------ Source material

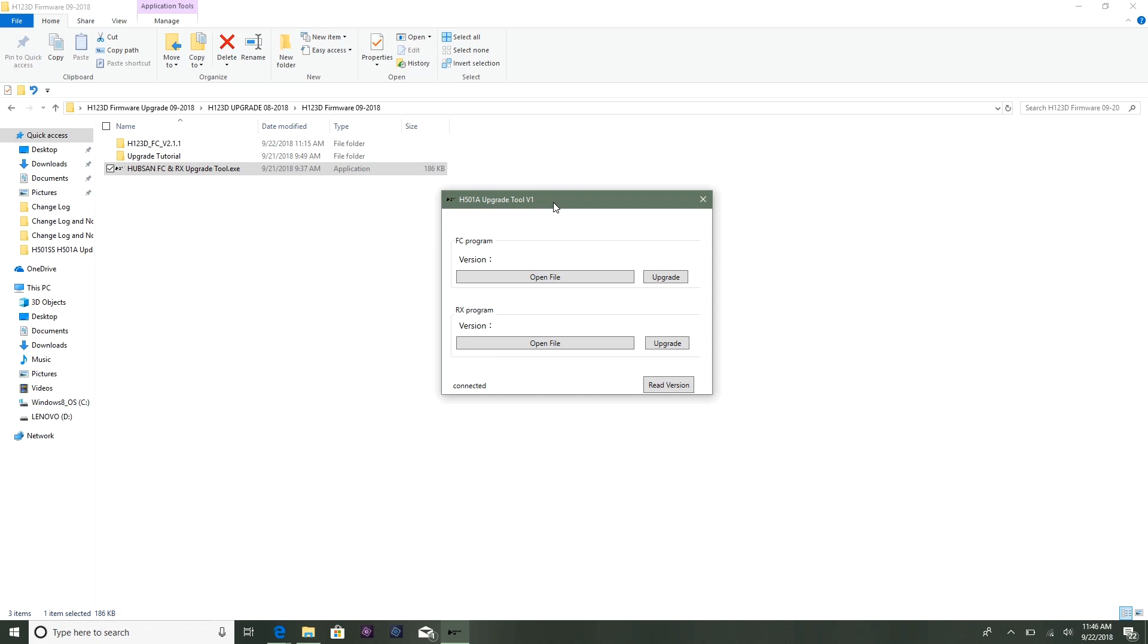It is an FCNRX upgrade program that works for several Hubsan models. All the new models will be using this upgrade program. Why they named it the 501A, maybe just because they first introduced it with the 501A. I don't know what their thinking is - they didn't think ahead, I think. They just named it for the 501A and didn't think about all the other models that will be using it and the confusion that has been drawn from this.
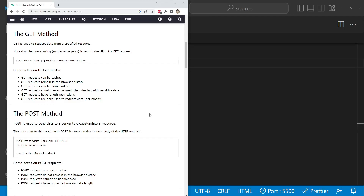Welcome to this tutorial on advanced concepts of GET and POST requests using the Fetch API in JavaScript. Before we dive in, let's understand what GET and POST requests are and why they are important in web development. GET and POST are two of the most commonly used HTTP methods — they are used to request data from a server or to send data to a server respectively. GET requests are used to retrieve data from a server.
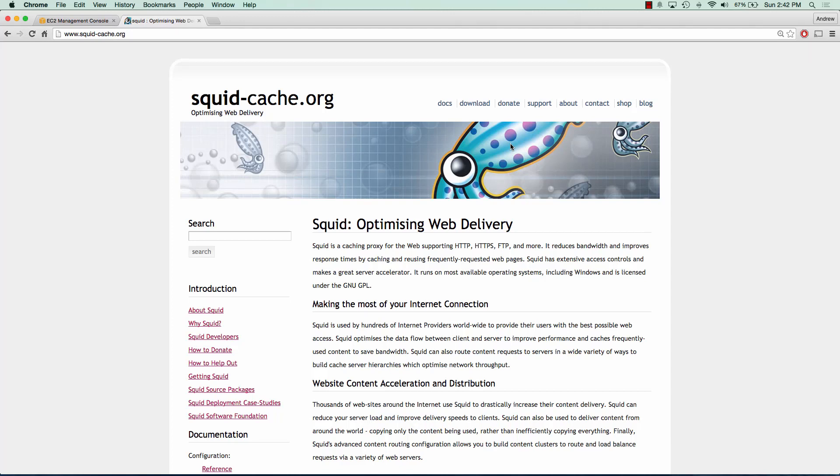Hey everybody, how's it going? My name is Andrew and this is an AWS tutorial series on setting up a proxy server in the cloud. In this tutorial series we'll go over using Squid Proxy as well as setting up username and password authentication and access control list for blocked websites. So let's go ahead and get started.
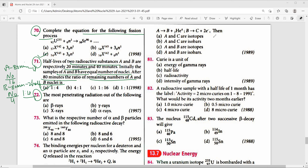Question 72: The most penetrating radiation among beta, X-rays, gamma, and alpha rays is gamma rays. Therefore, option B is the right answer.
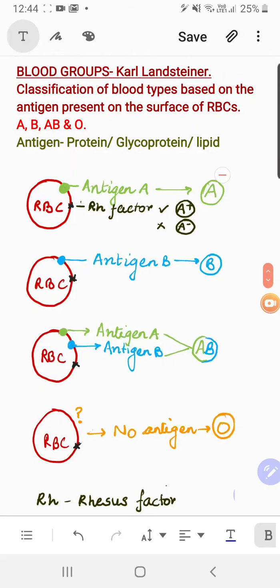Children, this is a very important topic, so please listen carefully. We will be talking about blood groups. The concept of blood groups was given by Karl Landsteiner — you have to remember this name. Now, what do you mean by blood groups?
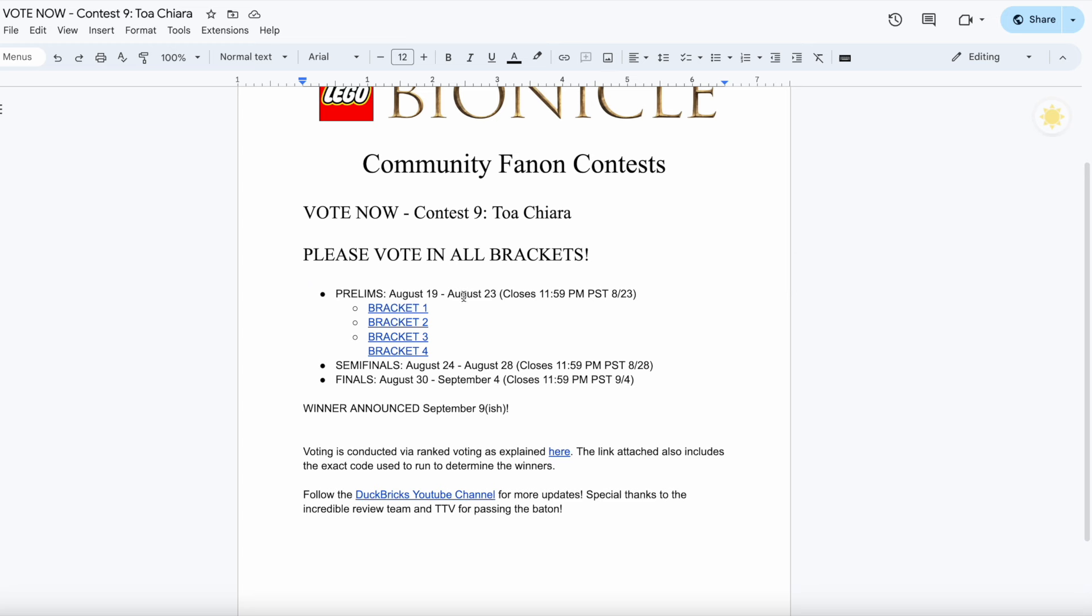The prelims will run from today, August 19th, all the way to August 23rd, trying to go a little bit tighter on the timing here for the voting brackets.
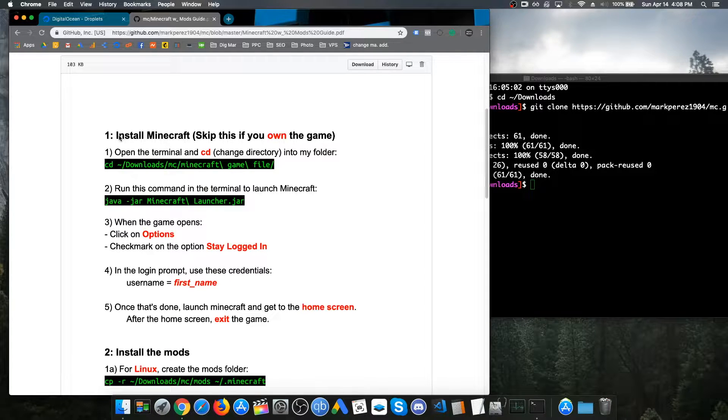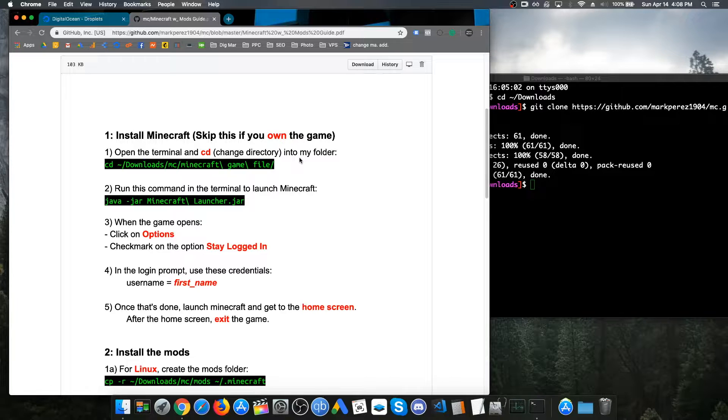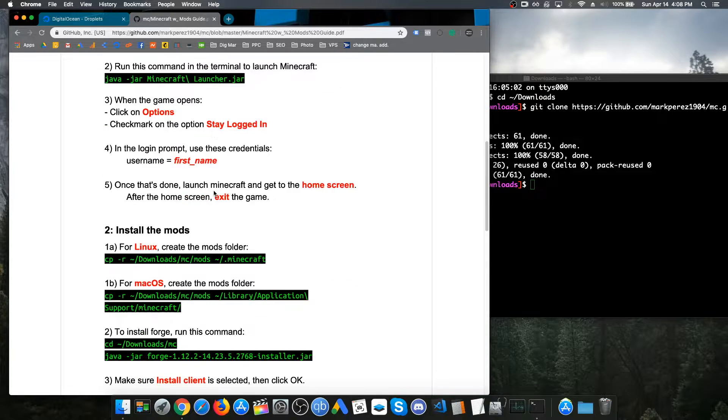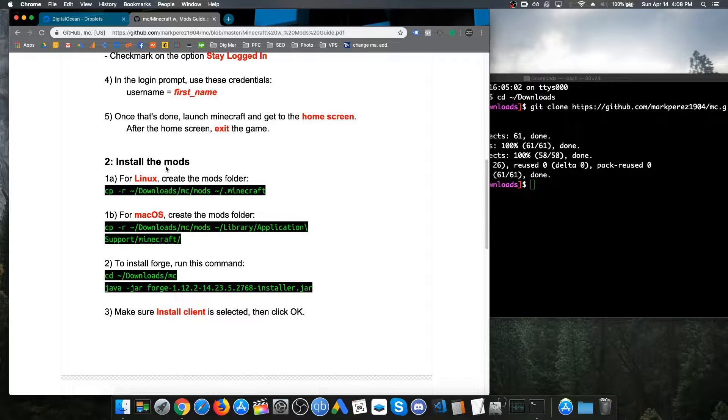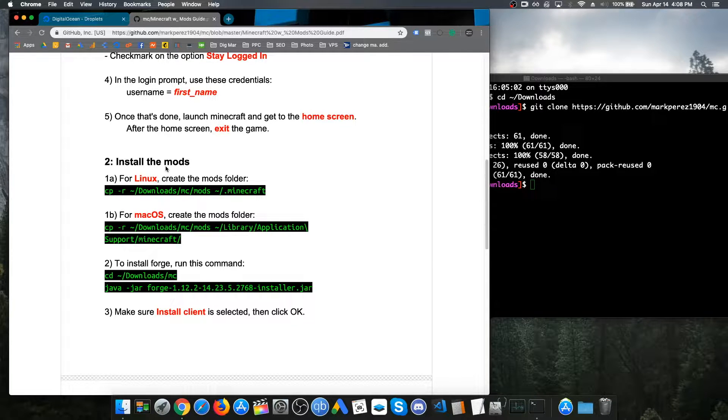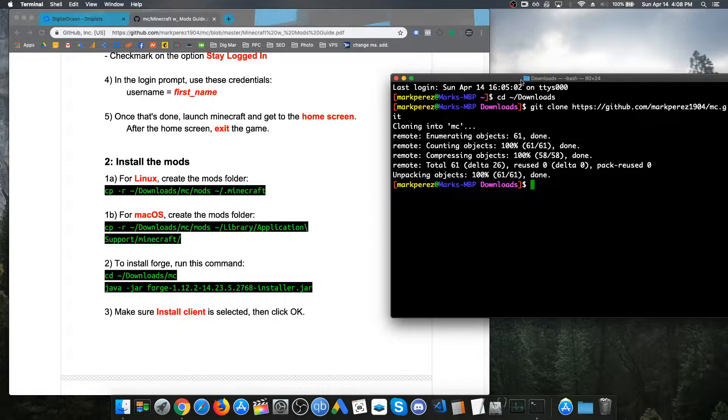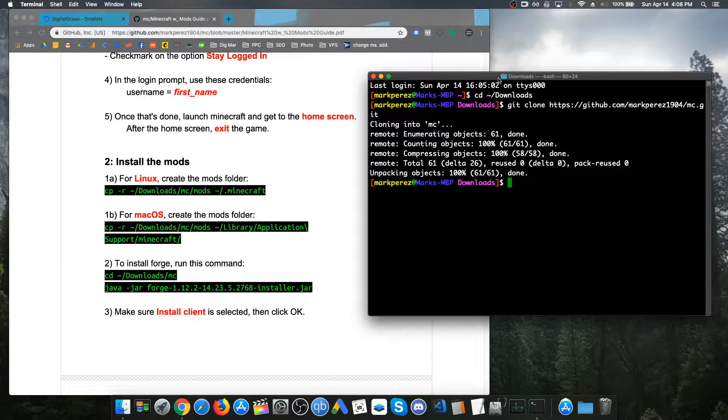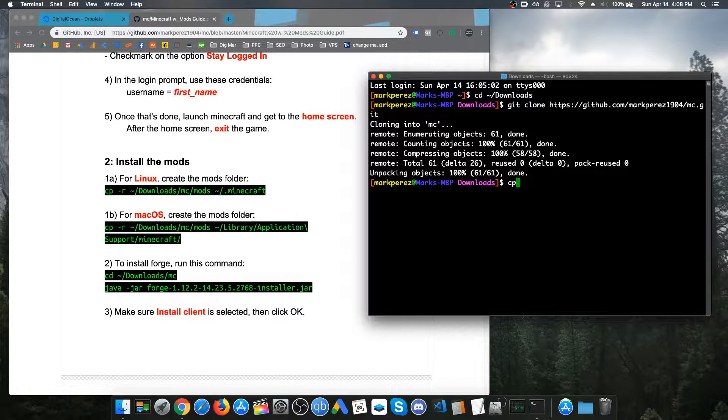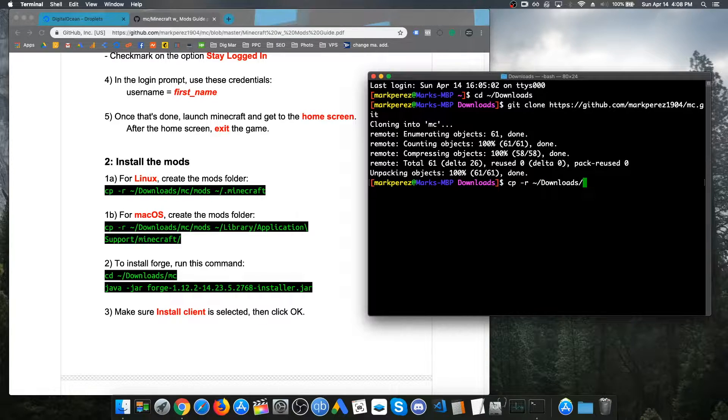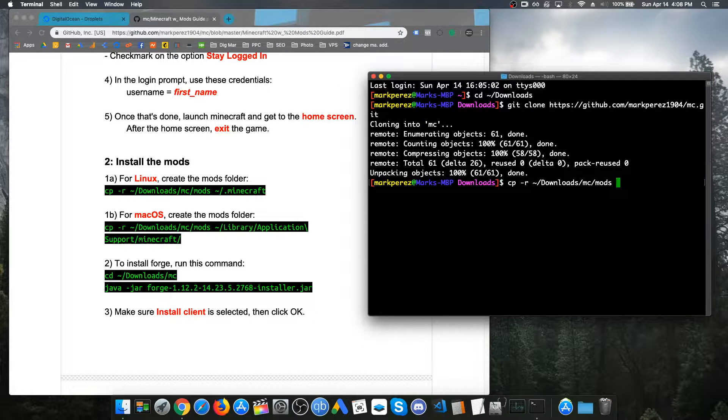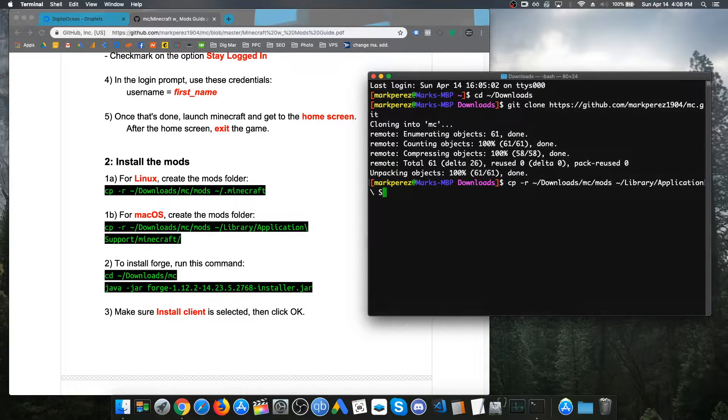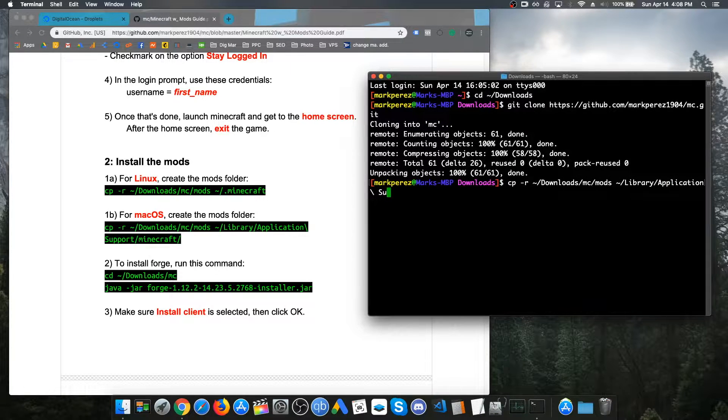If you already have Minecraft downloaded, if you actually paid the game, you can just skip this. You can skip the first section and we are just going to head on over to the second section, which is just to install the mods. According to your OS, just follow the steps that you need. For macOS, we are just going to copy and paste the command, cp-r downloads, mc, mods, library, Minecraft.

------------

▶ _Requirement_:
Images stay out; the entries above are to be printed exactly.

▶ _Output for this task_:
It is an FCNRX upgrade program that works for several Hubsan models. All the new models will be using this upgrade program. Why they named it the 501A, maybe just because they first introduced it with the 501A. I don't know what their thinking is - they didn't think ahead, I think. They just named it for the 501A and didn't think about all the other models that will be using it and the confusion that has been drawn from this.
Welcome to this tutorial on advanced concepts of GET and POST requests using the Fetch API in JavaScript. Before we dive in, let's understand what GET and POST requests are and why they are important in web development. GET and POST are two of the most commonly used HTTP methods — they are used to request data from a server or to send data to a server respectively. GET requests are used to retrieve data from a server.
Hey everybody, how's it going? My name is Andrew and this is an AWS tutorial series on setting up a proxy server in the cloud. In this tutorial series we'll go over using Squid Proxy as well as setting up username and password authentication and access control list for blocked websites. So let's go ahead and get started.
Question 72: The most penetrating radiation among beta, X-rays, gamma, and alpha rays is gamma rays. Therefore, option B is the right answer.
Children, this is a very important topic, so please listen carefully. We will be talking about blood groups. The concept of blood groups was given by Karl Landsteiner — you have to remember this name. Now, what do you mean by blood groups?
The prelims will run from today, August 19th, all the way to August 23rd, trying to go a little bit tighter on the timing here for the voting brackets.
If you already have Minecraft downloaded, if you actually paid the game, you can just skip this. You can skip the first section and we are just going to head on over to the second section, which is just to install the mods. According to your OS, just follow the steps that you need. For macOS, we are just going to copy and paste the command, cp-r downloads, mc, mods, library, Minecraft.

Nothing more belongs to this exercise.